Background:
Coronary artery disease (CAD) accounts for a substantial proportion of global cardiovascular mortality. Coronary collateral circulation (CCC) functions as an endogenous cardioprotective mechanism. Despite its clinical significance, CCC assessment lacks standardization and remains underutilized in risk stratification and treatment planning. The PROGRESS consortium (PRecisiOn medicine in CAD patients: artificial intelliGence for integRated gEnomic, functional and anatomical aSSessment of the coronary collateral circulation) was established as a transnational ERA PerMed initiative to address these critical gaps through integration of artificial intelligence, genomics, and advanced imaging analysis.
Methods:
This multicenter study analyzed a comprehensive registry cohort of 3,151 CAD patients undergoing 4,587 coronary examinations at Universitäres Herzzentrum Lübeck between 2006-2013, with each examination linked to a coronary event as the index procedure. Among these, 369 patients presented with chronic total occlusion (CTO), including 177 CCC-positive and 193 CCC-negative cases.
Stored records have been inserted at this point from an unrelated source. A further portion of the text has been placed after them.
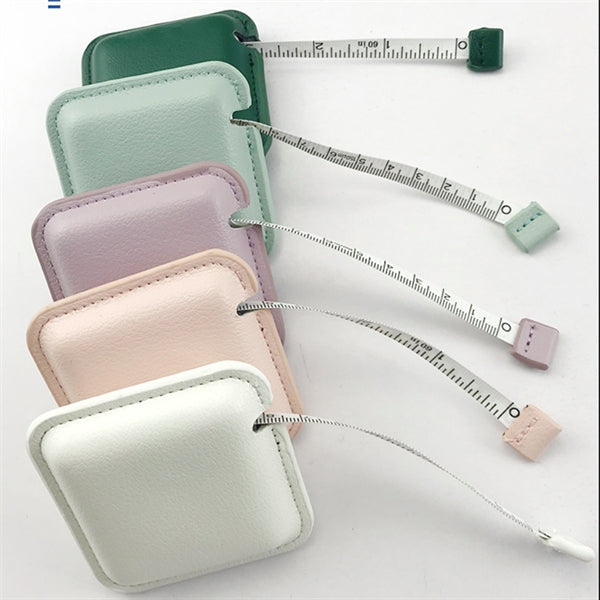 Retractable Leather Tape Measure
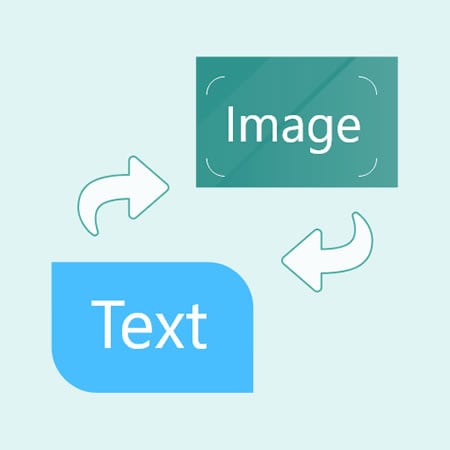 image to text conversion graphics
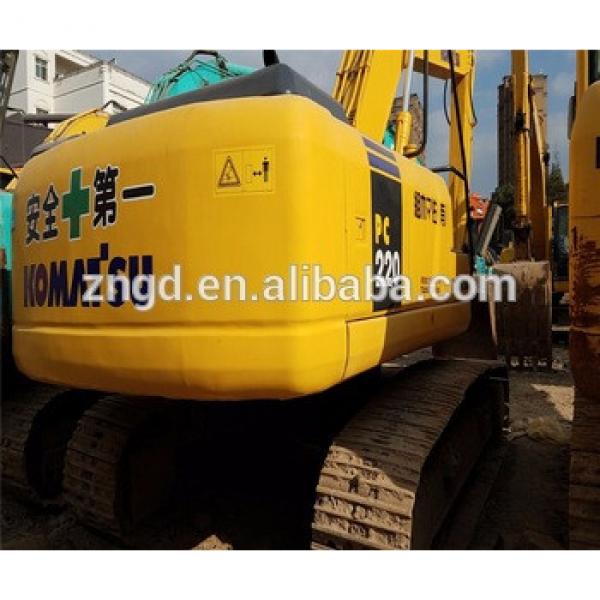 Komat Used Hydraulic Excavator PC220-7 For Sale #1 image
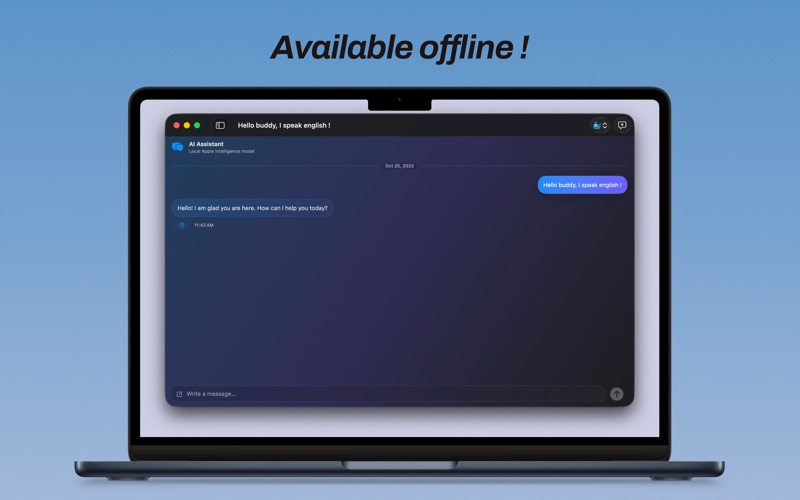 Mini chatbot app screenshot 2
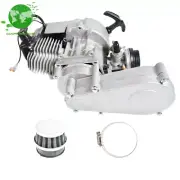 49CC 2 Stroke Complete Engine Motor With Gear Box For Mini Dirt Bike ATV Scooter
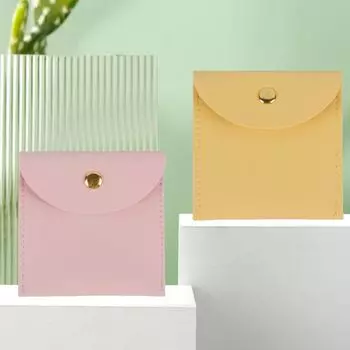 Чистый цвет Мини PU кожаный кошелек большой емкости ID держатель кредитных карт ювелирные изделия упаковка сумка дорожная хаки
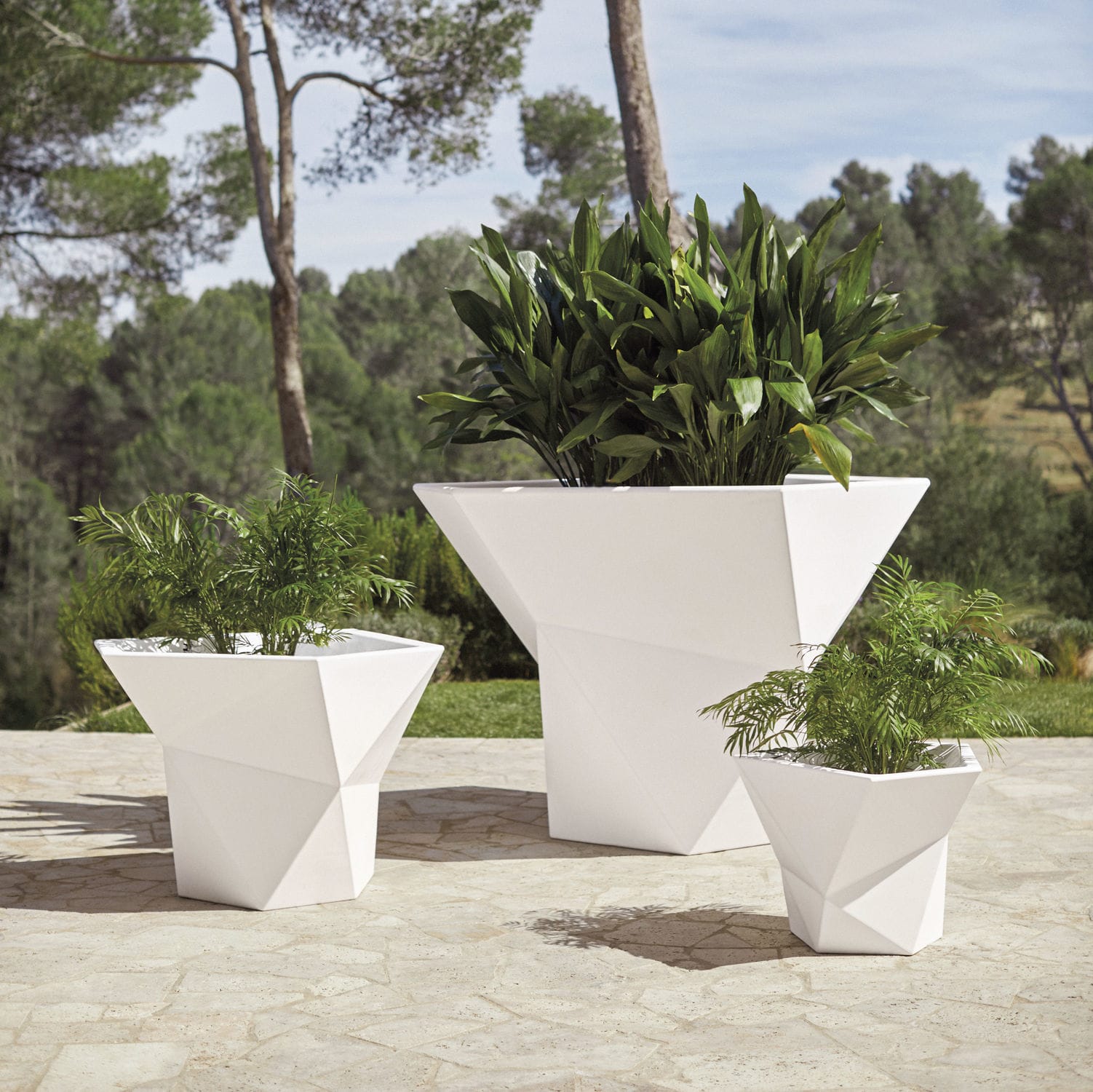 Maceta de jardín de polietileno FAZ - Vondom - Imagen 2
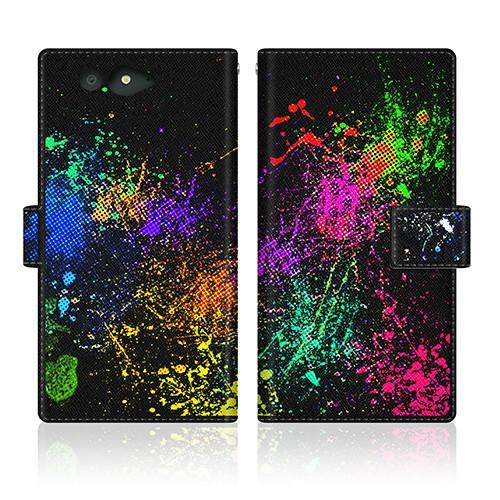 arrows Be (F-05J) オリジナルデザイン 【 グラフィック クレイジー ペイント アー...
A specialized annotation tool was developed for systematic angiographic image analysis, enabling expert annotators to quantify collateral vessel parameters including diameter (mm and pixels), Rentrop grading, collateral flow grades, and myocardial blush grades. The deep learning architecture employed a novel spatiotemporal convolutional neural network (CNN) framework processing DICOM coronary angiography sequences. The model backbone extracted spatial features from individual frames, with subsequent convolutional layers performing temporal integration across sequences. To overcome data scarcity limitations, the team implemented transfer learning via pretraining on coronary artery segmentation tasks and applied few-shot learning (FSL) techniques to enhance model generalization in low-data regimes.
Results:
In blinded head-to-head comparative evaluations, the deep learning algorithm achieved 88% sensitivity for collateral detection versus 82% for expert cardiovascular specialists, demonstrating superior detection capability. Human experts maintained higher specificity (85% vs 74%), highlighting complementary diagnostic strengths between AI and clinical expertise. Longitudinal survival analysis over 15 years of follow-up demonstrated that well-developed CCC in CTO patients conferred significant survival benefit. Critically, the AI algorithm independently predicted this mortality advantage without requiring expert interpretation, establishing proof-of-concept for expert-independent prognostic assessment. The integration of genomic analysis with imaging phenotypes enabled identification of genetic variants associated with CCC development, advancing precision medicine approaches for coronary collateralization.
Conclusion:
The PROGRESS study demonstrates that AI-driven spatiotemporal analysis of coronary angiography enables automated, reproducible quantification of collateral circulation with performance exceeding conventional expert assessment in sensitivity. These findings support the clinical implementation of AI-assisted CCC assessment as a standardized tool for optimizing revascularization strategies and identifying candidates for therapeutic arteriogenesis interventions.